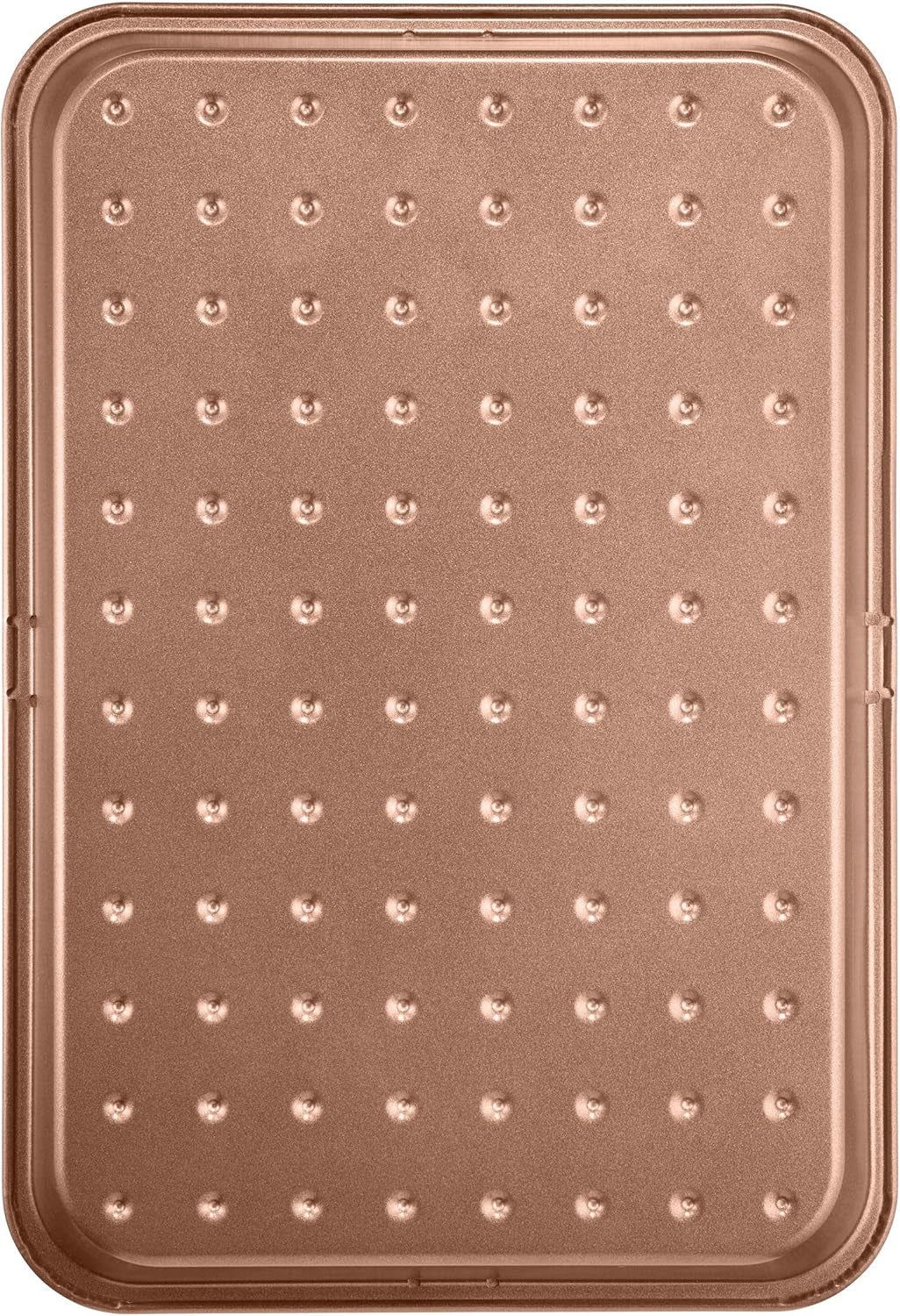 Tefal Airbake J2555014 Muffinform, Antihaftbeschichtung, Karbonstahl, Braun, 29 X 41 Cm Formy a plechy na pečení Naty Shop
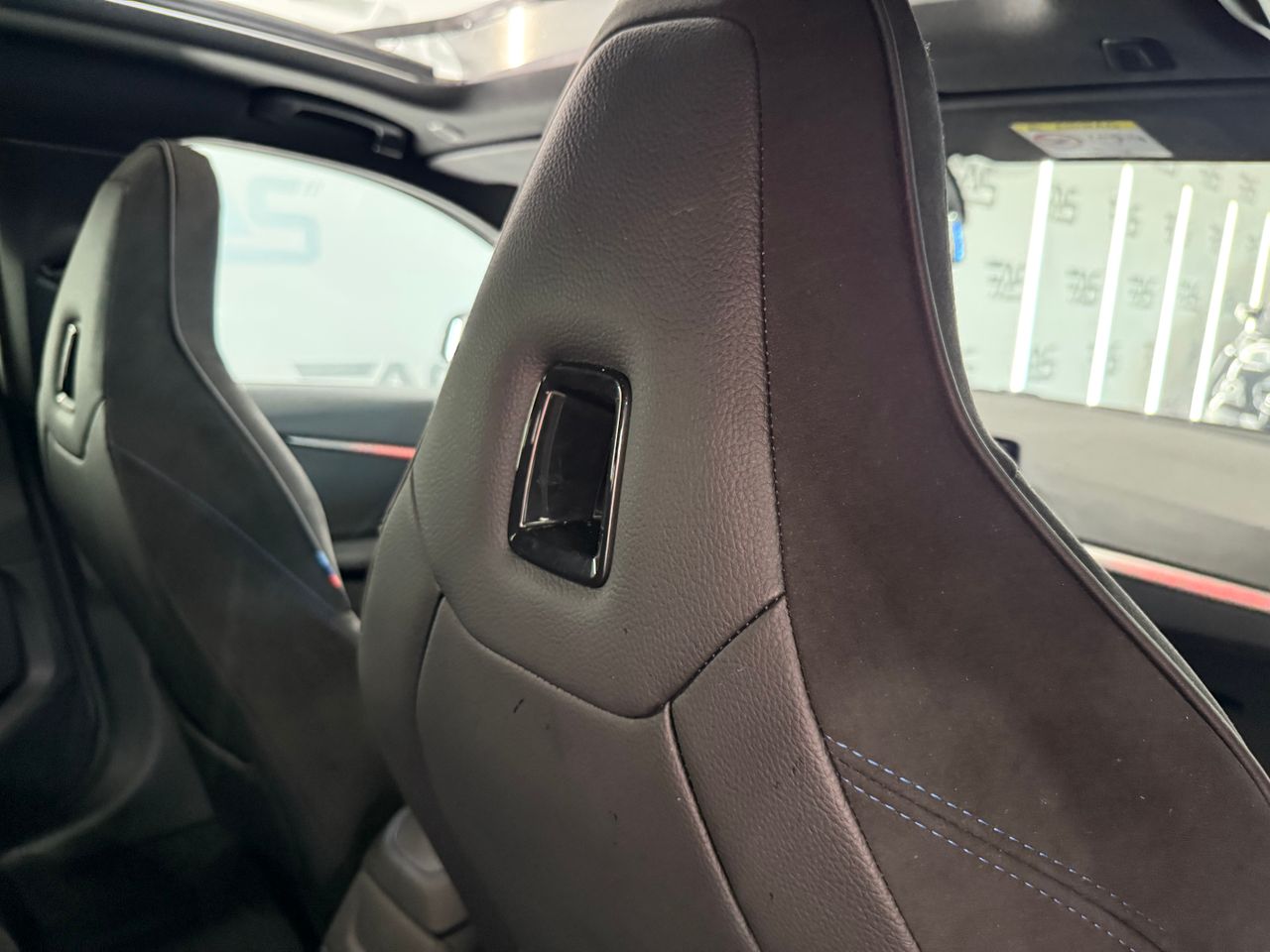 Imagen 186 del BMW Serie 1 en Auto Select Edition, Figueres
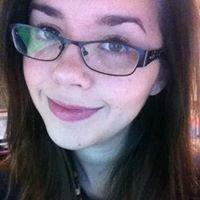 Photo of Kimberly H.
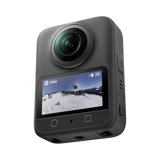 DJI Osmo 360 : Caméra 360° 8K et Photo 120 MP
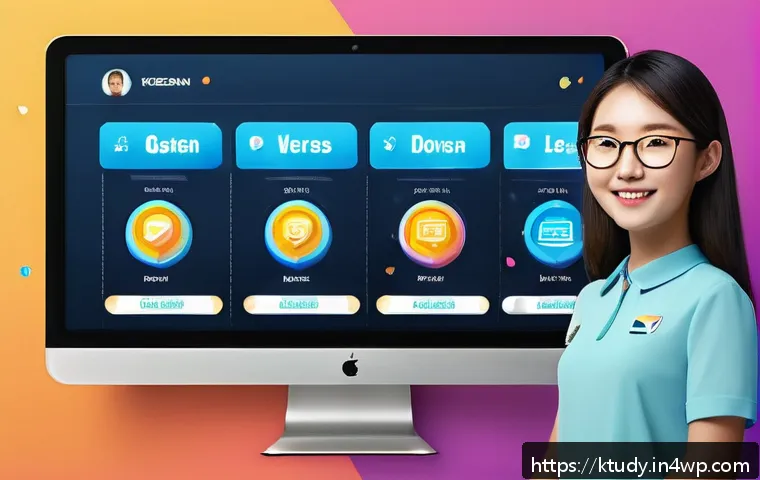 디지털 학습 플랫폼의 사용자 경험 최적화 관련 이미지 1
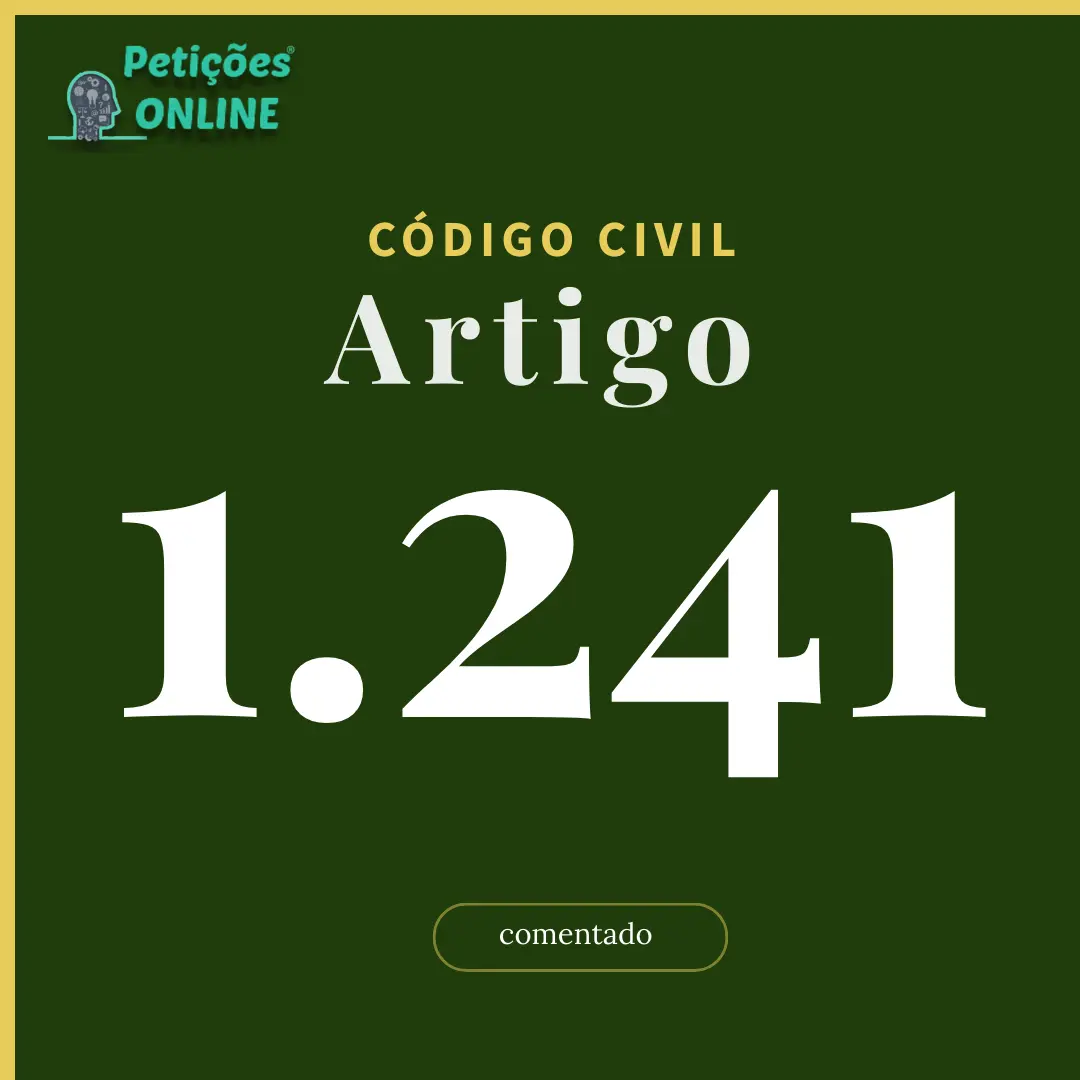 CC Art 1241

◇ ◇ ◇ ◇ ◇

In your answer, repeat the material above in full, exactly, and without its pictures.

Worked solution:
 Tefal Airbake J2555014 Muffinform, Antihaftbeschichtung, Karbonstahl, Braun, 29 X 41 Cm Formy a plechy na pečení Naty Shop
 Imagen 186 del BMW Serie 1 en Auto Select Edition, Figueres
 Photo of Kimberly H.
 DJI Osmo 360 : Caméra 360° 8K et Photo 120 MP
 디지털 학습 플랫폼의 사용자 경험 최적화 관련 이미지 1
 CC Art 1241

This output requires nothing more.